I believe the Pebble community, Core Devices, Rebble and I all want the same thing. We love our Pebbles and want them to keep working long into the future. We love the community that has sprung up around Pebble, and how it’s persevered - next year will be the 14th anniversary of the original Kickstarter campaign!
But I have to respond to claims made by Rebble posted on their blog yesterday. I will link to their post so you can read their side of the story, and I’ve asked them to link back to this blog post from theirs.
Look - I’m the first person to call myself out when I fail. I wrote a detailed blog post about Success and Failure at Pebble and often write in detail about learning from my mistakes. But in this specific case, you’ll find that I’ve done my utmost to respect the Pebble legacy and community. Rebble is misleading the community with false accusations.
For those just passing through, here’s the TLDR:
Core Devices is a small company I started in 2025 to relaunch Pebble and build new Pebble smartwatches. Rebble is a non-profit organization that has supported the Pebble community since 2017. Rebble has done a ton of great work over the years and deserves recognition and support for that.

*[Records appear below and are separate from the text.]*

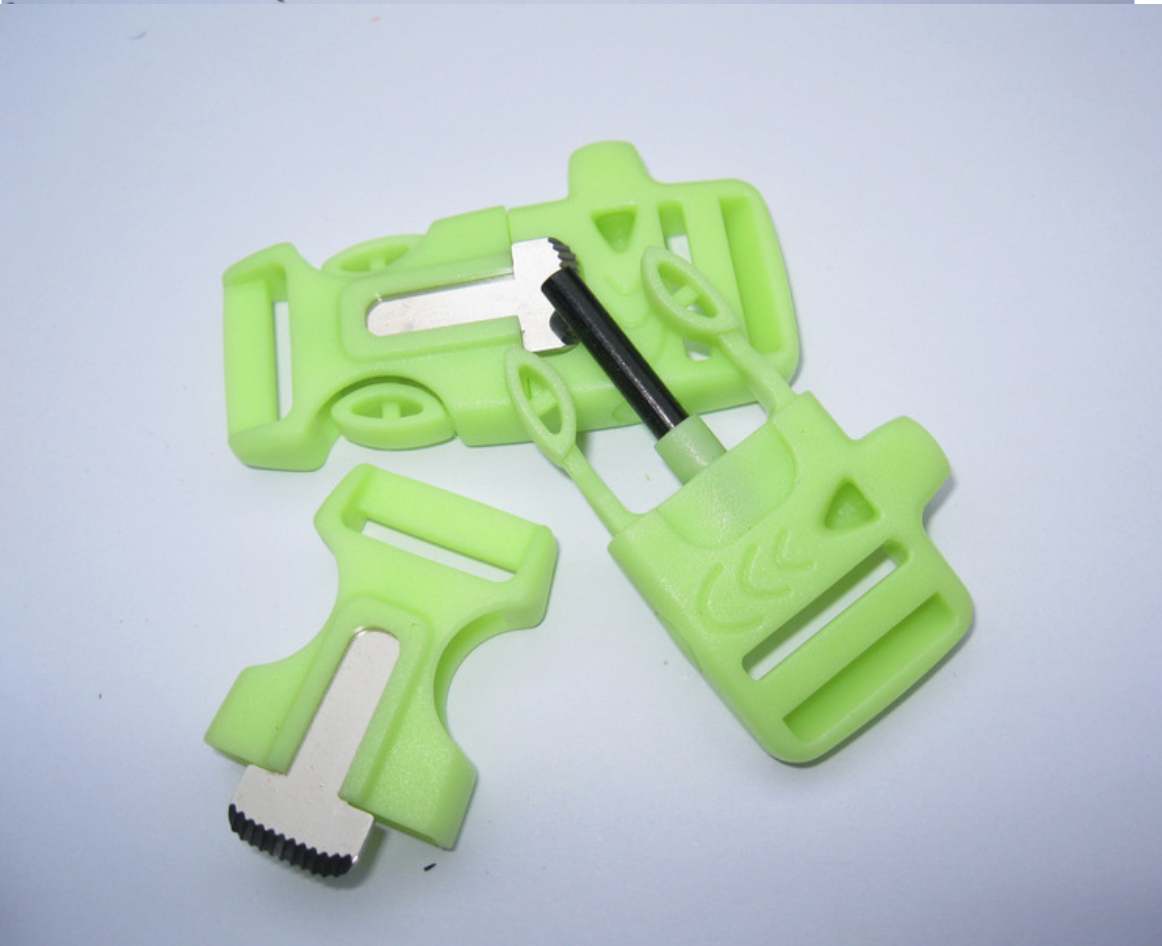 ตัวล็อคก้ามปู เรืองแสง - มีแท่งจุดไฟและนกหวีดในตัว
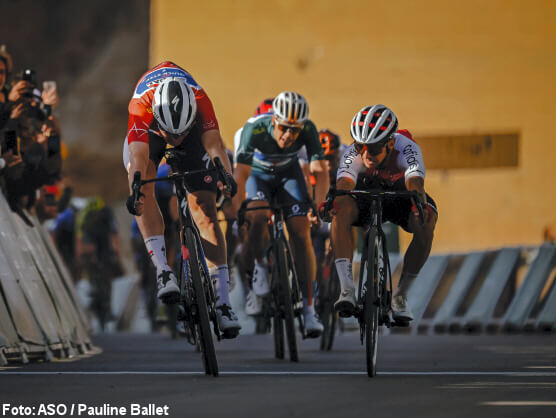 AlUla Tour: Tim Merlier gana en Maraya y se viste de verde AlUla Tour: Tim Merlier gana en Maraya y se viste de verde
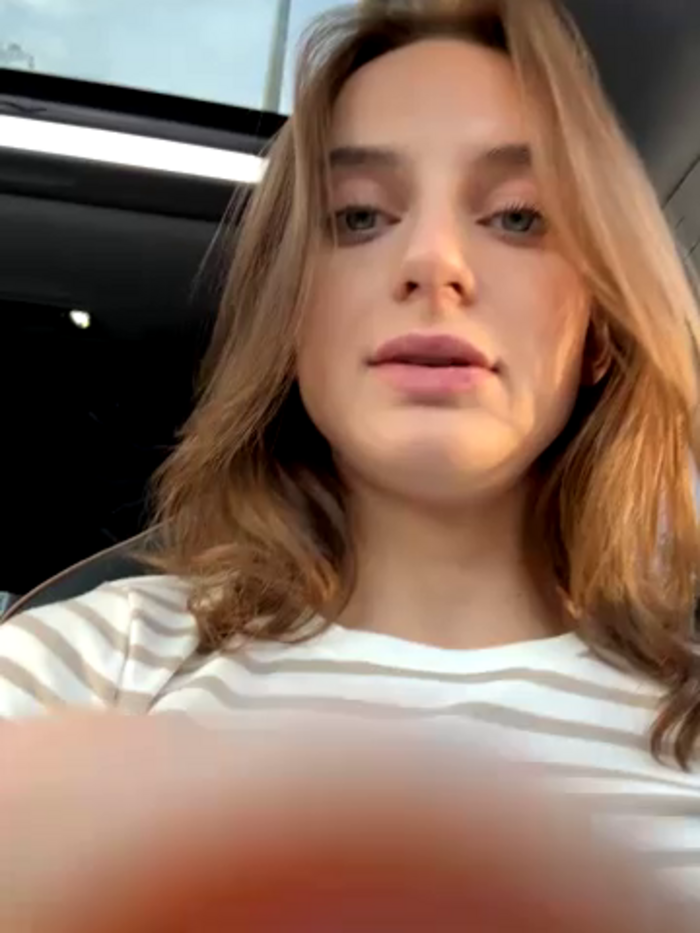 -AngelAri-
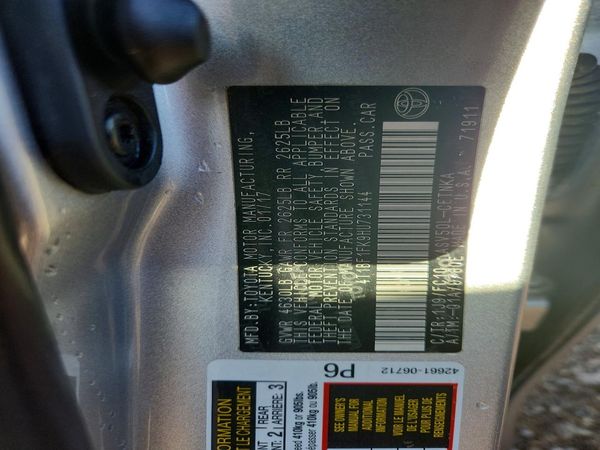 2017 TOYOTA CAMRY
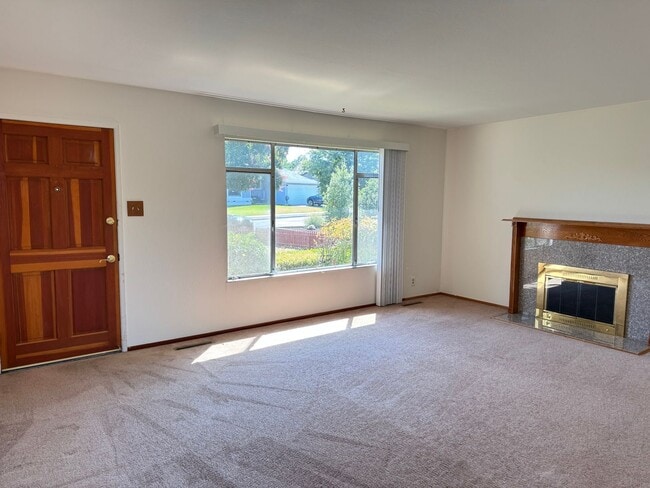 Building Photo - Single level 4 bedroom, 2  bath home – mov...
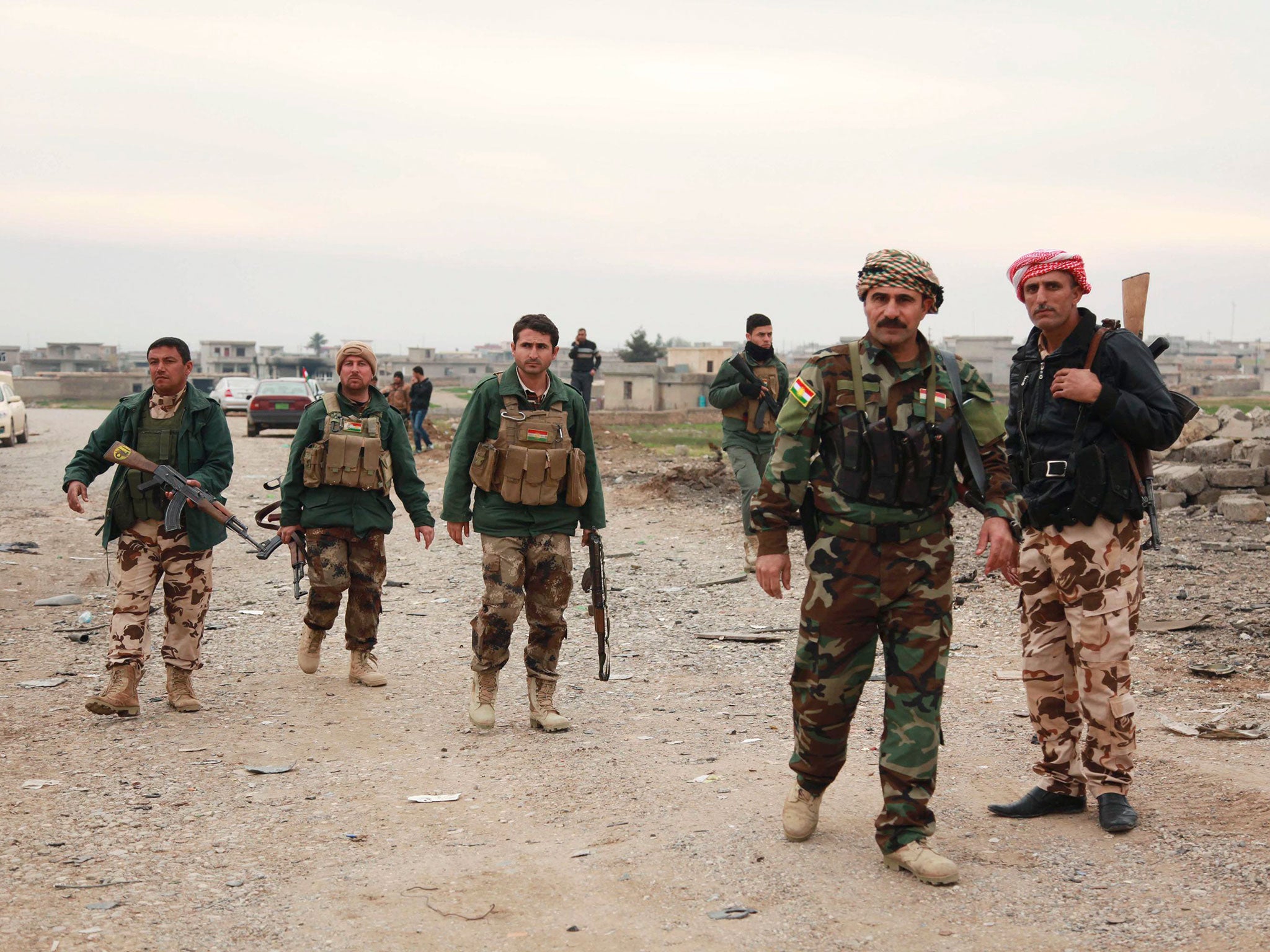 Kurdish peshmerga fighters have fought their way to Iraq's Sinjar mountain and freed hundreds of people trapped there by Islamic State fighters
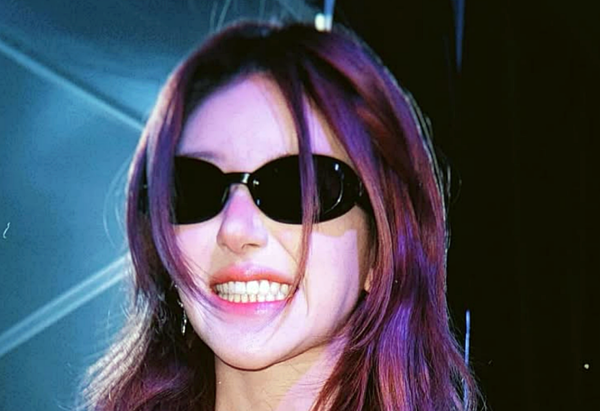 소속사와 대립 중인 조로사. 소동과 별개로 '허아요안'은 대히트를 기록했다. [사진=조로사 인스타그램]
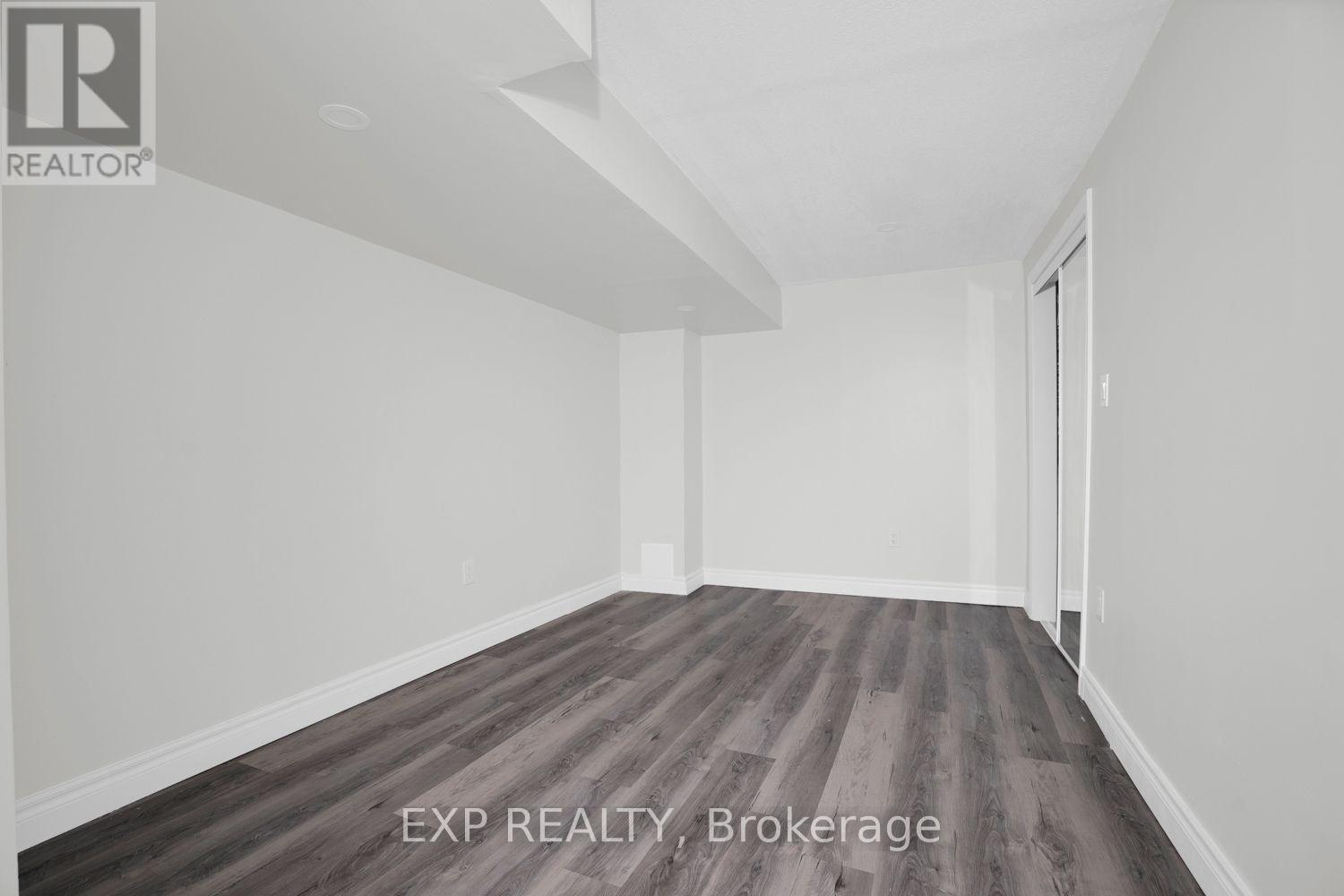 353 GROVEHILL CRESCENT - Image 26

Core Devices and Rebble negotiated an agreement where Core would pay $0.20/user/month to support Rebble services. But the agreement broke down after over the following disagreement.
Rebble believes that they ‘100%’ own the data of the Pebble Appstore. They’re attempting to create a walled garden around 13,000 apps and faces that individual Pebble developers created and uploaded to the Pebble Appstore between 2012 and 2016. Rebble later scraped this data in 2017.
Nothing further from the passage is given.